Огни Парижа - Картленд Барбара (читать бесплатно полные книги .txt) 📗
– Почему? – удивилась девушка.
– Она не может играть, у нее нет никаких способностей, – пренебрежительно махнула рукой ее новая подруга. – Но зато она была просто усыпана бриллиантами – каскады бриллиантов и чуть-чуть шифона, представляешь? Пуговицы на ее сапожках были из бриллиантов чистой воды, а в конце представления она упала на спину и высоко подняла ноги, и все это для того, чтобы публика увидела, что каблучки сапожек подбиты бриллиантовыми гвоздиками!
Линетта ахнула.
– А сейчас у нее в театре своя ложа, и она довольствуется тем, что наводит критику на тех, кто умеет играть, – ворчливо закончила Бланш.
Вечером Линетте представилась возможность судить об актерских способностях самой Бланш.
Вернувшись из Булонского леса и переодевшись, Бланш и Линетта отправились в театр.
Театральный подъезд был ярко освещен.
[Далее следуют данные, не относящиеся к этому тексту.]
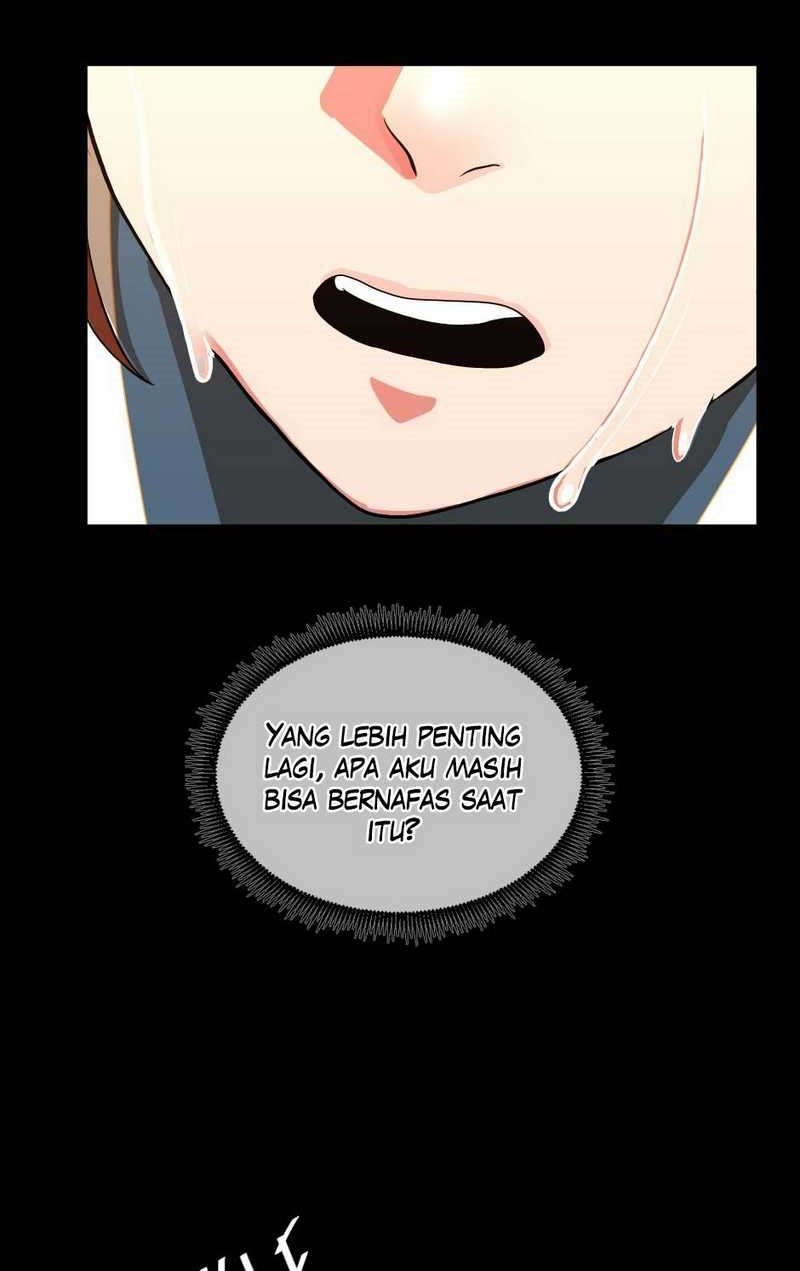 The Beginning After The End Chapter 98 Gambar 79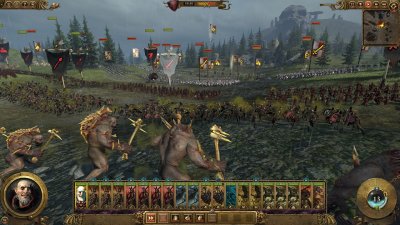 Total War Warhammer 2017 ��� Steam � ���������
Когда Бланш вышла из экипажа, раздались восторженные крики толпы, ожидавшей у входа. Бланш улыбнулась, приветливо помахала рукой и направилась в огромное, вымощенное мрамором фойе.
Линетте было уже известно, что Бланш пренебрегала служебным входом, которым пользовались остальные актеры, и всегда ходила через зрительный зал. Это давало возможность явившимся заранее зрителям увидеть ее прежде, чем она, по ее собственному выражению, «разденется для выхода».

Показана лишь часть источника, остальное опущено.